A central server called a KDC (Key Distribution Center) has a
pre-shared secret with each user and with each service.  The secrets
shared with users are conventionally called "passwords"; the secrets
shared with services are conventionally called "keytabs" (or
"srvtabs", in older jargon).  Together, users and services are called
"principals".

When one principal requests to negotiate a shared key with another
principal, the KDC makes up a random new key (called a "session key"),
encrypts it once in each principal's key (along with a bunch of other
information), and sends both pieces of ciphertext back to the first
principal, which will in turn send the appropriate part to the second
principal when it is ready to talk.  Since both principals can get at
the session key by decrypting their bit of ciphertext, they now have a
shared secret which they can use to communicate securely.  Kerberos
clients record these bits of information in "credential caches" (or
"ticket files" in older jargon; neither term is particularly correct
since the file is not strictly a cache and stores more than just
tickets).

There are two versions of the Kerberos protocol in use on Athena, 4
and 5.  The Kerberos 5 protocol supports more features and different
types of cryptographic algorithms, but is also a great deal more
complicated.

See http://web.mit.edu/kerberos/www for more complete and precise
information about Kerberos.  Athena services which use Kerberos
include AFS, discuss, zephyr, olc, moira, and remote login and FTP
(when both parties support it).

2. AFS

Athena workstations use a filesystem called AFS.  Running AFS allows
workstations to access files under the /afs hierarchy.  Of particular
interest are the MIT parts of this hierarchy: /afs/athena.mit.edu,
/afs/dev.mit.edu, /afs/sipb.mit.edu, /afs/net.mit.edu,
/afs/ops.mit.edu, and /afs/zone.mit.edu.

Unlike NFS, AFS includes two layers of indirection which shield a
client from having to know what hostname a file resides on in order to
access it.  The first layer of indirection is "cells", such as
athena.mit.edu.  Each workstation has a directory of cells in
/usr/vice/etc/CellServDB, which it can use to look up the database
servers for a cell name.  If a cell's database servers change, each
client's CellServDB has to be updated, but the canonical paths to
files in that cell do not change.  Athena workstations update their
CellServDB files periodically (at boot and reactivate time) from
/afs/athena.mit.edu/service/CellServDB.

The second layer of indirection is the volume location database, or
VLDB.  Each AFS cell's contents are divided into named volumes of
files which are stored together; volumes refer to other volumes using
mountpoints within their directory structure.  When a client wishes to
access a file in a volume, it uses the VLDB servers to find out which
file server the volume lives on.  Volumes can move around from one
file server to another and clients will track them without the user
noticing anything other than a slight slowdown.

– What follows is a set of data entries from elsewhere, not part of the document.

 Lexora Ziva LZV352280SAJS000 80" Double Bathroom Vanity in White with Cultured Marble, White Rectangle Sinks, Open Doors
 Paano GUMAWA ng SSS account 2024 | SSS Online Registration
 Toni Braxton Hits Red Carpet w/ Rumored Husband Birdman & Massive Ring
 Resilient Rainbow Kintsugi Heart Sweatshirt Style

AFS has several advantages over traditional filesystems:

	* Volumes can be moved around between servers without causing
	  an outage.

	* Volumes can be replicated so that they are accessible from
	  several servers.  (Only read-only copies of a volume can be
	  replicated; read/write replication is a difficult problem.)

	* It is more secure than traditional NFS.  (Secure variants of
	  NFS are not widely implemented outside of Solaris.)

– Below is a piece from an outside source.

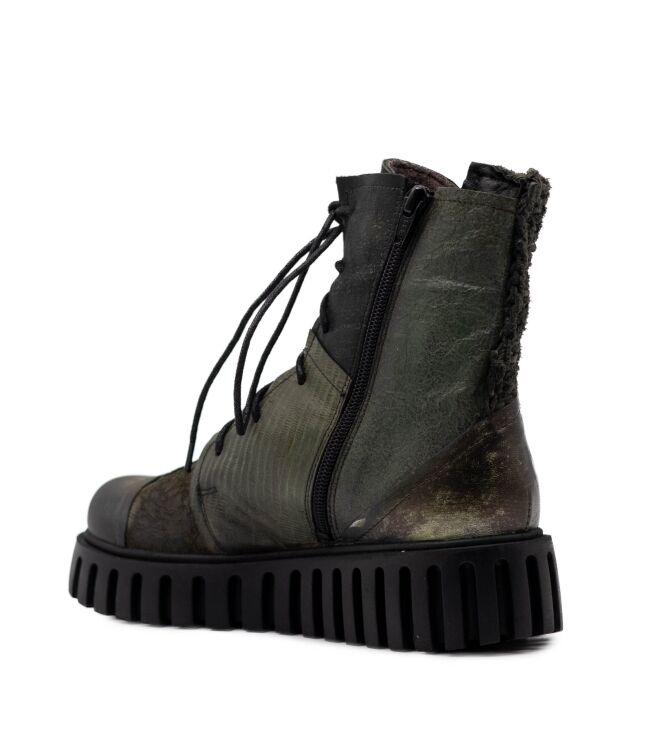 papucei papucei dames enkellaars rubberzool groe Green papucei Dames Enkellaars Rubberzool Groe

	* AFS clients cache data, reducing load on the servers and
	  improving access speed in some cases.

	* Permissions can be managed in a (not strictly) more flexible
	  manner than in other filesystems.

AFS has several unusual properties which sometimes causes software to
behave poorly in relationship to it:

	* AFS uses a totally different permissions system from most
	  other Unix filesystems; instead of assigning meanings to a
	  file's status bits for the group owner and the world, AFS
	  stores an access control list in each directory and applies
	  that list to all files in the directory.  As a result,
	  programs that copy files and directories will usually not
	  automatically copy the permissions along with them, and
	  programs that use file status bits to determine in advance
	  whether they have permission to perform an operation will
	  often get the wrong answer.

	* It is not possible to make a hard link between files in two
	  different AFS directories even if they are in the same
	  volume, so programs which try to do so will fail.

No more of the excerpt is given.